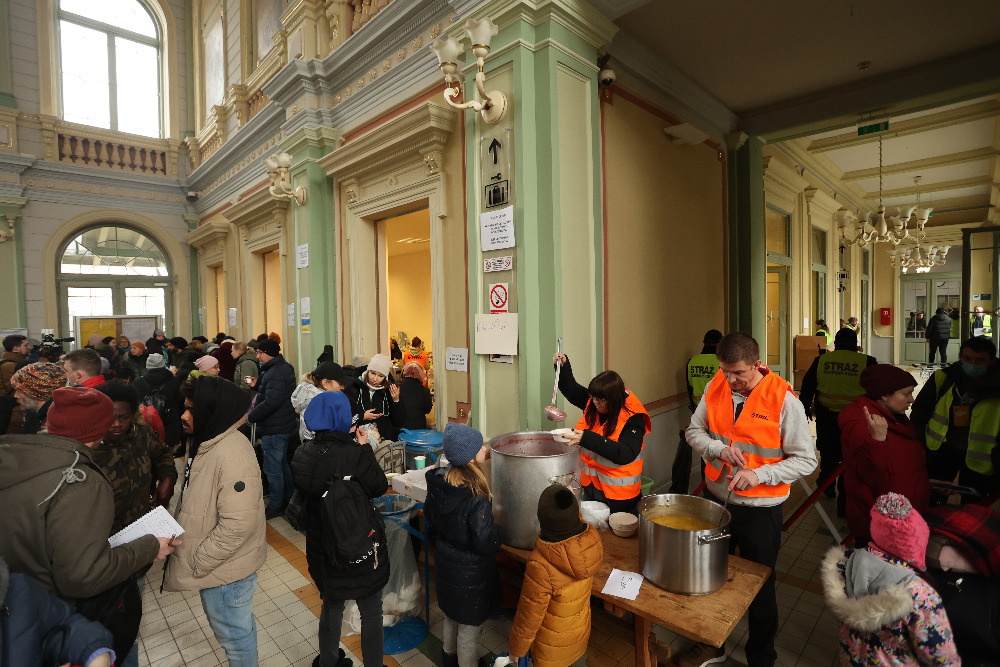Crowded train station, with some people receiving food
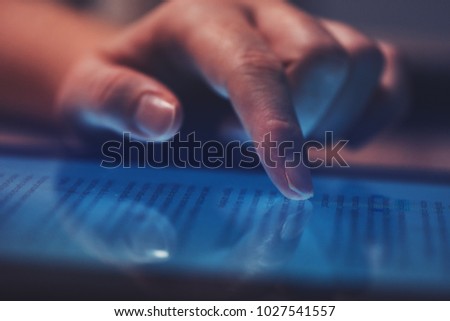 Extreme close up of female finger using digital tablet computer at home in the evening to read the news online, selective focus Royalty-Free Stock Photo #1027541557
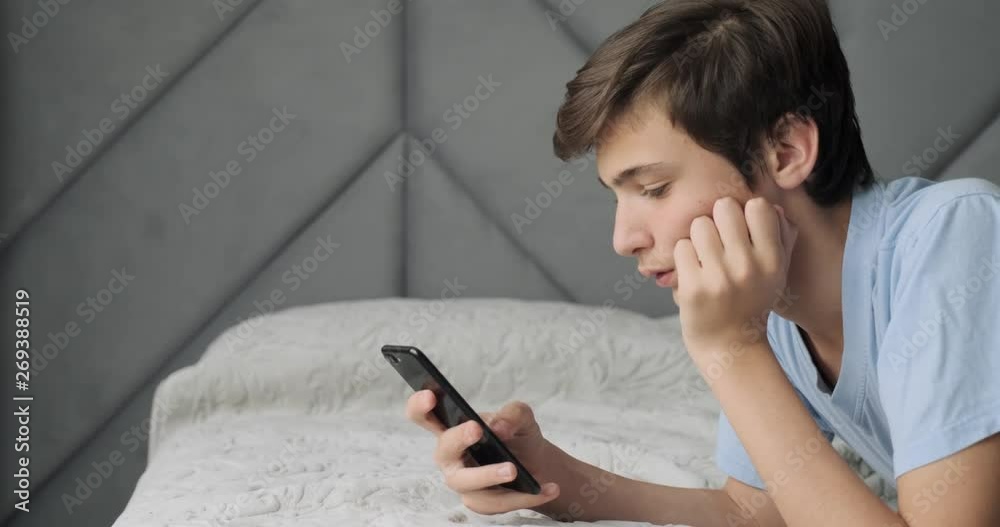 Teenager typing text message by smart phone, at home. Handsome boy spending time in a social network using mobile phone lying on sofa. Caucasian teenage guy talking on cell phone. Lifestyle concept.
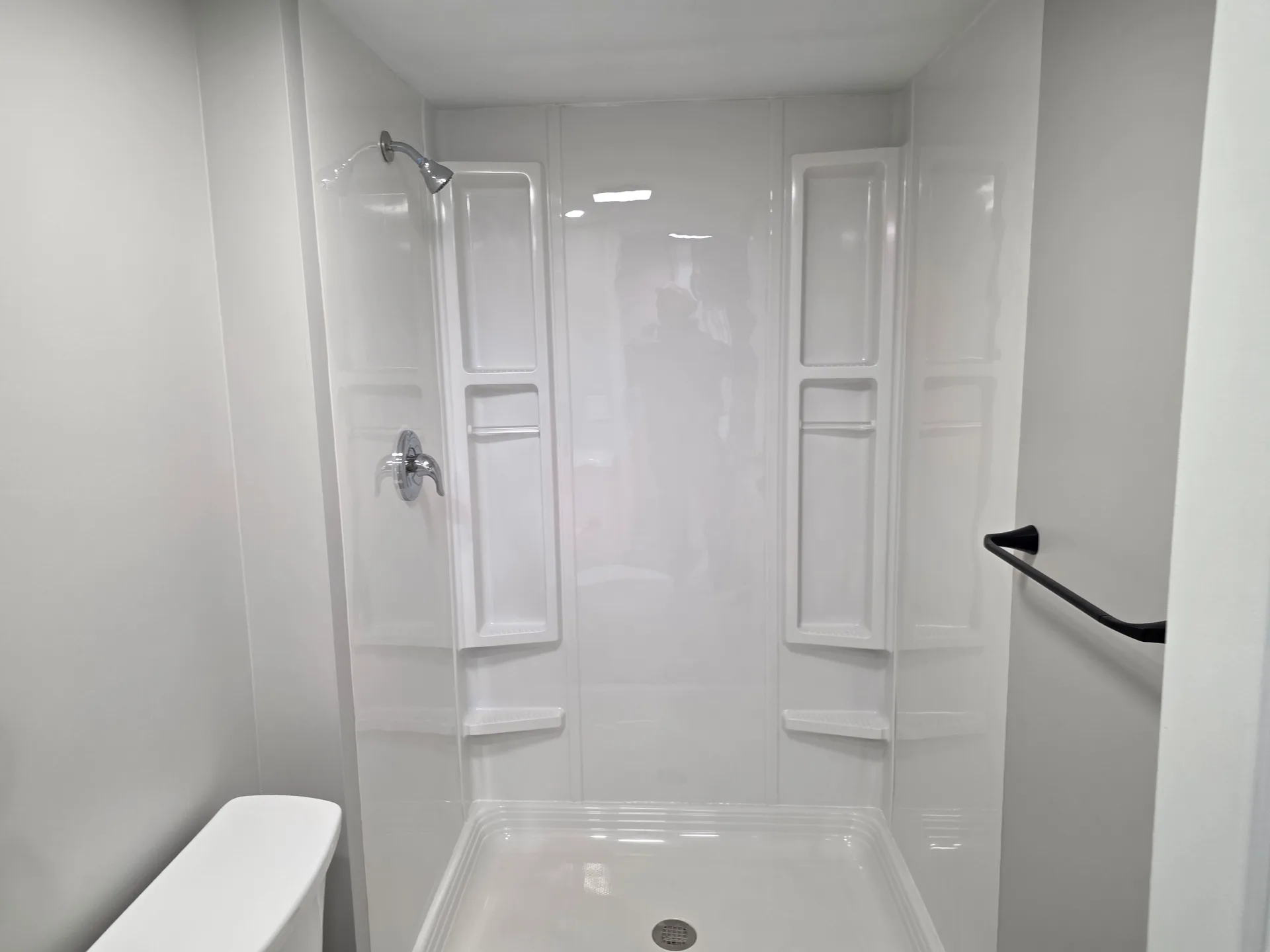Clean white shower stall with built-in shelving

= = = = = = =

--- Problem to solve ---
When you copy the data above, keep each line exact and omit the pictures.

--- The answer ---
Crowded train station, with some people receiving food
 Extreme close up of female finger using digital tablet computer at home in the evening to read the news online, selective focus Royalty-Free Stock Photo #1027541557
 Teenager typing text message by smart phone, at home. Handsome boy spending time in a social network using mobile phone lying on sofa. Caucasian teenage guy talking on cell phone. Lifestyle concept.
Clean white shower stall with built-in shelving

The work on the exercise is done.